I’ve been playing around with Google+. As others have stated, it’s Google’s best foray into social networking. It’s an impressive product, defined by Google’s typical clean interface. The idea of “circles” is somewhat related to Twitter Lists and is helpful for organizing friends/colleagues and tracking different activity streams. Within our research on social network software at Athabasca University (the Elgg-based The Landing), we (mainly Jon Dron, actually) have been looking at ways to create different representations of activity streams to meet the needs of different contexts. Elgg – with its varied activity feed – is an early implementation of Circles. In fact, Elgg was far enough ahead of both Facebook and Google that only this year – with Facebook’s Groups and Google’s Circles – have popular SNS offerings caught up with what has been central to ELgg for several years.
In spite of the promising state of G+, I have a few concerns. Some are small – such as “what kind of a goofy URL have you foisted upon us Google” – mine is: https://plus.google.com/112869117429645144444/. Yes, I’ll remember that. “I’m gsiemens on Facebook and Twitter. If you want to connect with me on G+, I’m 11286911….”
Other concerns are significant and may represent a misunderstanding on Google’s part about how people structure themselves in personal networks. Most evident is Google’s power law making network ways in G+. While power laws (Pareto’s Principle) may exist in many areas of our lives – banking, TV watching habits, book purchases – they are surprisingly absent at a personal level. Yes, I likely respond to a small cluster of blogs and tweets that I encounter. But my personal networks – family and friends – don’t seem to have the power law structure of my public identity. For example, I move fairly fluidly between my personal networks. Facebook gets this. I’ve had very few “way out there” friend suggestions on Facebook.

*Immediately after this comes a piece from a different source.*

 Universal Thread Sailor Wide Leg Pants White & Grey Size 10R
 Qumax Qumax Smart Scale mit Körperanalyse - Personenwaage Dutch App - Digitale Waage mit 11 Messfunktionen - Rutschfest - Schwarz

G+, on the other hand, has been busy trying to make kings of a few: Robert Scoble, Mike Arrington, Loic Le Muer, Mark Zuckerberg, and so on. (Techcrunch addresses this issue as well.) I have precisely zero interest in those people. Nothing in my email history indicates that I would like to connect with them. Google’s algorithm is whacked on how it recommends friends: it is recommending them based on power laws (who is most popular) not on my personal interests. This is a fundamental and significant misunderstanding of social networks. Network properties are different at a personal and social level than they are in public spaces. Worse, G+ is, with this friending approach, altering the influence of individuals in networks. Personal networks don’t need Lady Gaga’s. Public networks do. Google doesn’t get that.
For some reason that I’m not fully clear on, I’m concerned that Google is more in the mode of gaming networks than in helping people connect to people that matter or are personally interesting. Is the intent to get early tech geek adopters to fall in love with G+ and feel invested because they have tremendous follower counts? If so, then there is some hope for G+. They just have to recommending by generic network/power law algorithms and start recommending by MY personal interest and existing network. If G+ isn’t recommending based on driving geek adoption, then I’m afraid Google doesn’t understand the distinction between networks as a mathematical entity and networks as a personal, lived, experience.